Mostly your proposal makes sense,
Thanks for the response.
but we're trying very hard to stick to upstream Bugzilla since 3.x, as heavy customization of 2.x caused more problems than it solved. So we're reluctant to add resolutions and statuses that don't exist upstream - even if Mozilla have hacked up their own copy of their own upstream bug reporting system to add resolutions...
I don't buy that: Red Hat Bugzilla currently has 4 upstream resolutions to 7 custom ones. Are all the custom resolutions actively being phased out? Otherwise, can you give some examples to illustrate the marginal harm likely to occur if an 8th custom resolution is added?

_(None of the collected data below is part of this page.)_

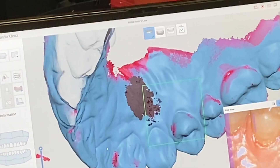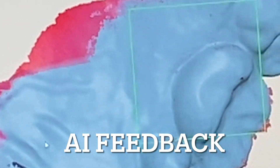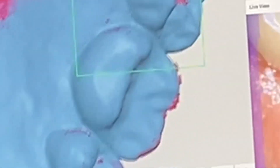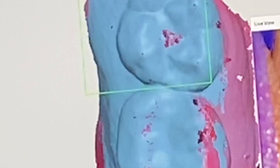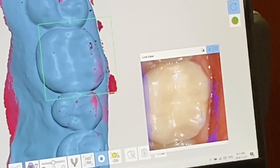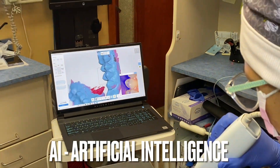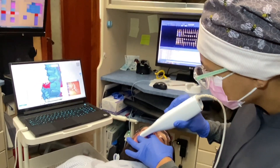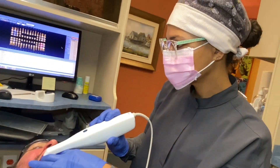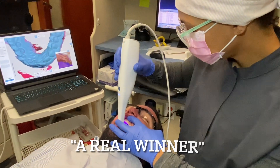Jessica has not had training on the Medit i500, but you'll see she's easily using it. As we go into areas that have a little bit of pink or red, this tells us it needs a little bit more. Watch as she comes around the margin — you can see she's picking this up and the display tells her where to look. The camera can see the tongue but it's not picking it up because the AI knows that's not what we want to scan. This artificial intelligence cleans the scan as it goes, which avoids frustration when the tongue or lip gets in the way.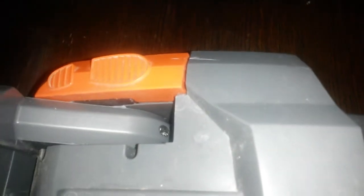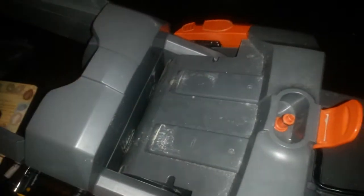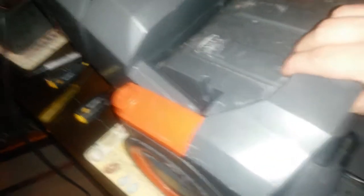Six screws altogether. I've kept them all in order — that's the back two, the middle two, and the front two. Once you've removed the back two, just release the front rest and it will reveal four more screws in here — the front two and the middle two. And once you've removed those, this panel comes off.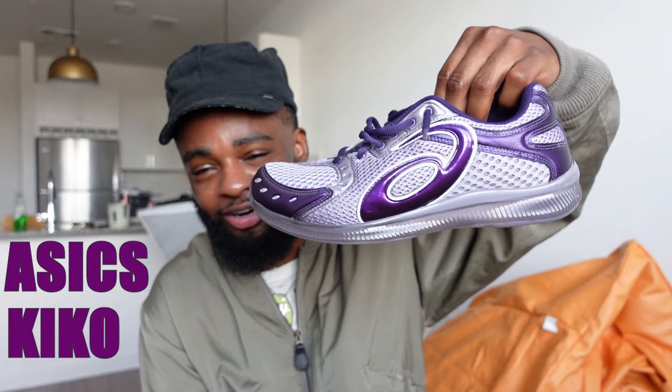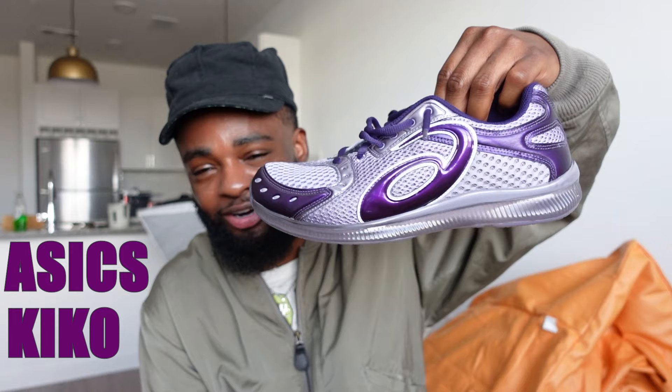This is going to be a review of the ASICS Kiko Gel Sokat — I don't know, it's S-O-K-A-T. I like that they put the K in there. Sokat? Sokat? I don't know. But these are literally my favorite sneakers right now in my closet, it's not even funny.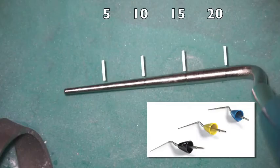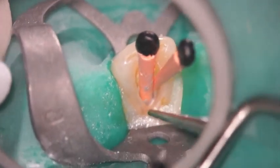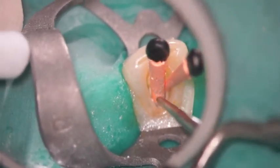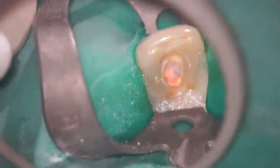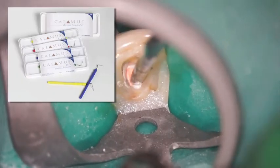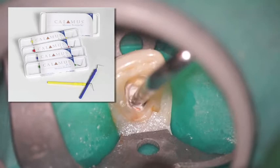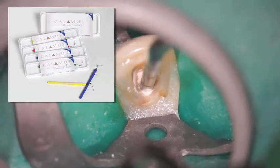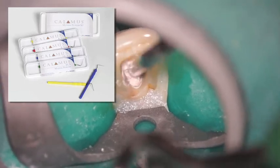Here's the Calamus heat tip and the plugger tip. I'm going to sear that right off at orifice level. Then I'm going to take a larger sized Calamus plugger and immediately capture that gutta percha and condense it vertically. Obviously, there's a little bit of sealer with it.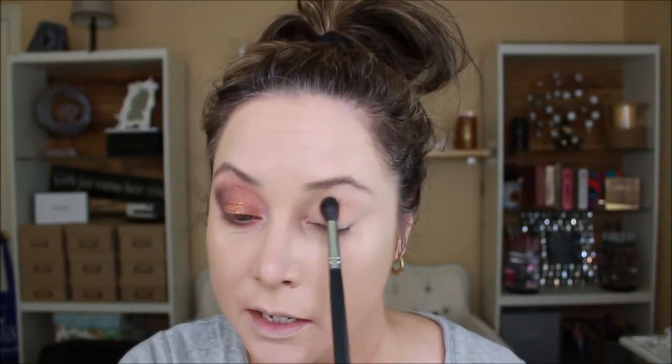Now we're going to try to recreate this look on this side with the Solstice palette. We're going to start with the color Spring — this has a lot of fallout in comparison so I'm going to have to be really careful. It is blooming nice though, so that's good. Looks like a good match so far.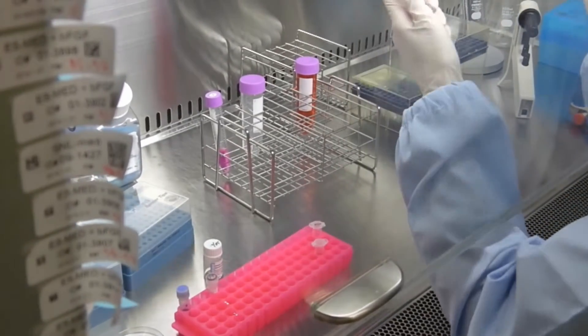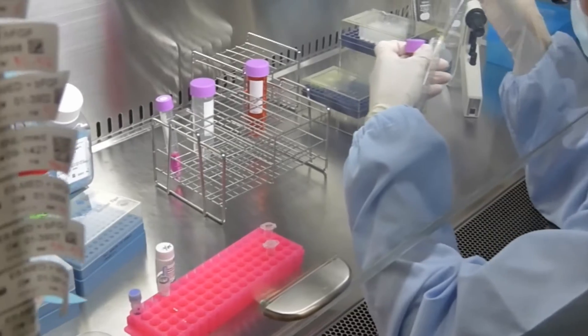After centrifugation, the supernatant is removed by aspiration.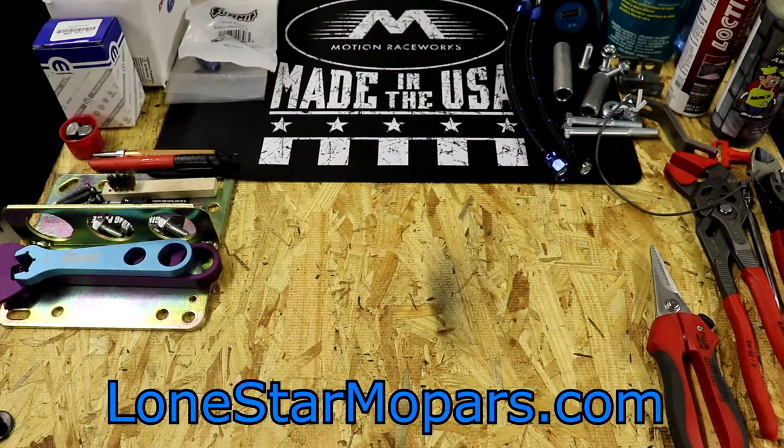Hey everybody, Texas Schroker here, Lance's Performance Shop along with LoneStarMopars.com. We are back for the Ram Revival.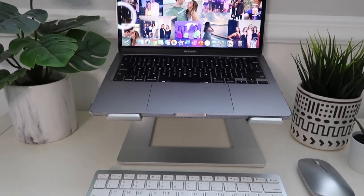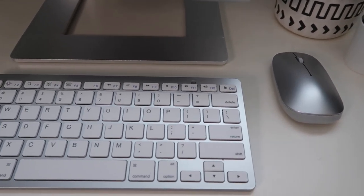Since your computer is on a stand, typing directly on it would be inconvenient with your arms up in the air, so I also got a Bluetooth keyboard and mouse. This is the Omoton Bluetooth keyboard — it honestly looks like an Apple keyboard, which was way more expensive. This one was about 30 bucks for both the mouse and keyboard. It's super sleek and just easier to type on, so I can have it on my desk, look up at my computer, and not strain my neck.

I'm disappointed that you don't appear to buy that this is important enough to merit discussion of alternatives, rather than just raising a problem with one of the ones I mentioned. The status quo may be fine for a maintainer or triager going down a work list, but when I as a user review old bugs related to a topic (perhaps to see whether a new bug is merited or I should join an old one), "expired" is equivalent to NEW rather than WONTFIX as far as I'm concerned, and it's annoying to have to open each WONTFIX bug to determine which kind it is.
We have a number of options here which vary in implementation effort and how much burden they impose on user and/or maintainer to get what they want from an inadequate representation:
1. Status quo: hard to distinguish expired from WONTFIX. 2a. Add EXPIRED resolution and use it. 2b. Co-opt an existing little-used custom resolution, e.g., CANTFIX (semantically questionable on its face, but maybe reasonable in light of the explanation on https://bugzilla.redhat.com/page.cgi?id=fields.html#status ). 3. Do not change the bug state, and have maintainers apply the same conditions now used by the bug zapper on all of their searches. Reducing mutable state is generally good in that it reduces the possible ways for things to get out of whack. But then it takes more work to see whether a non-CLOSED bug is expired. 3a. Like #3, but make it easier with a virtual EXPIRED resolution. Probably an undesirable level of customization to Bugzilla. 4. Add an "Expired" keyword or custom field, use it, and: 4a. Continue to close the bugs WONTFIX. Ugh, but I can use the keyword/field in search and maybe even get it to show as a column on search results. 4b. Do not change the status, and have maintainers use the keyword/field in their search.
No one should object to 4a as a change (though I recognize I am still asking someone to do work, especially if existing bugs are to be reclassified). We could start with that and at least stop losing the data in the next bug zapping cycle.
I would appreciate your honest consideration (Adam and any other relevant parties).